ALLHiC
ALLHiC copied to clipboard
haplotype assembly for a polyploid
Hi, This follows the issue #80
The problem was the group assignment to the chromosomes homologous groups. We are working on the assembly of a tetraploid potato. If we do not separate the contigs into chromosomes groups we end up with a final supercontig of 2.2 Gb and a total length of 2.4Gb in groups.asm.fasta.
But, when we divided the contigs into the 12 homologous chromosomes divided by two, thus 24 (chri_1, chri_2) because we are using as a reference a haplotype assembly of a diploid potato, the contigs size are reasonable.
We follow the script for the polyploid sugarcane based on sorghum, we believe you were able to recover the haplotype assembly for each chromosome? In that case you had only one folder for each chromosome right?
What is your suggestion to obtain a haplotype assembly of a tetraploid potato using a diploid reference assembly to separate the contigs? Is there any way to use allhic without using a reference?
Did you use purge_haplotigs or something similar after using allhic?
Looking forward to an answer Best Regards
Hi @phrh I guess there might be a misunderstanding of the auto polyploid assembly. Actually, the chromosome number of tetraploid potato is 48 (2n=4x=48). Thus 48 pseudo-chromosomes should be expected rather than 24. The sugarcane AP85-441 we were working on has 32 chromosomes (1n=4x=32) and we therefore separated four haplotypes. There is no need to use purge_haplotigs. We expect to assemble as much sequences as possible.
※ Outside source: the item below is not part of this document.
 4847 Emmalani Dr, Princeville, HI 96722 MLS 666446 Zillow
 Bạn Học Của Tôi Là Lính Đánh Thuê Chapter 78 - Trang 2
Hi, Maybe I was not clear. (1) Is there any way to use allhic without using a reference? (2) what would you suggest to use as a reference for a tetraploid potato to divide de hi-c contigs, a haplotype version of a diploid potato (with two folders for each chromosome)? We used this assembly, we consider is the best one for the diploid potato. But we are having problems to know how to find the four haplotypes
For example for chromosome 1, we use a k from 1 to 4. In the case of k =4, we use each k inside chr1_1 and chr1_2 folders. Moreover, we join the content of Chr1_1 and Chr1_2 into Chr1 and use also a k=4, but the difference in size of the resulting groups is big.
k=4 Chr1_1 | Chr1_2 | Chr1 104,023,204 | 76,792,460 | 235,470,213 10,993,786 | 31,758,127 | 28,995,993 1,231,480 | 17,286,196 | 14,487,011 820,152 | 21,025,674 | 6,149,390
What was your experience with sugarcane?
Hi @phrh , (1) The reference genome is necessary to separate allelic contigs and therefore we have to use a reference in ALLHiC if we are working on polyploid assembly and phasing. For diploid genome, there is no need to use a reference. (2) The reference genome should be a monoploid assembly of a diploid or a polyploid. That means the reference only contains one set of these haplotypes rather than a phased assembly (i.e. a haplotype-resolved version assembled by Zhou et al., 2020). Does that make sense?
Yes, thanks we are now using a monoploid assembly.
However, we followed the issue https://github.com/tangerzhang/ALLHiC/issues/75 and we decided to (1) used the ALLHiC_corrector and (2) filter hi-C reads using Hi-C explorer. Can you tell me what does the ALLHIC_corrector does?
ALLHIC_corrector detects and corrects misjoined contigs based on Hi-C signals. It utilizes the core algorithm for contig correction from 3D-DNA but does not include the iteratively scaffolding steps, which saves a lot of time for big genomes. In addition, ALLHiC_corrector takes bam files (from bwa mem) as input and does not need juice box mapping. We think it might be convenient for ALLHiC users.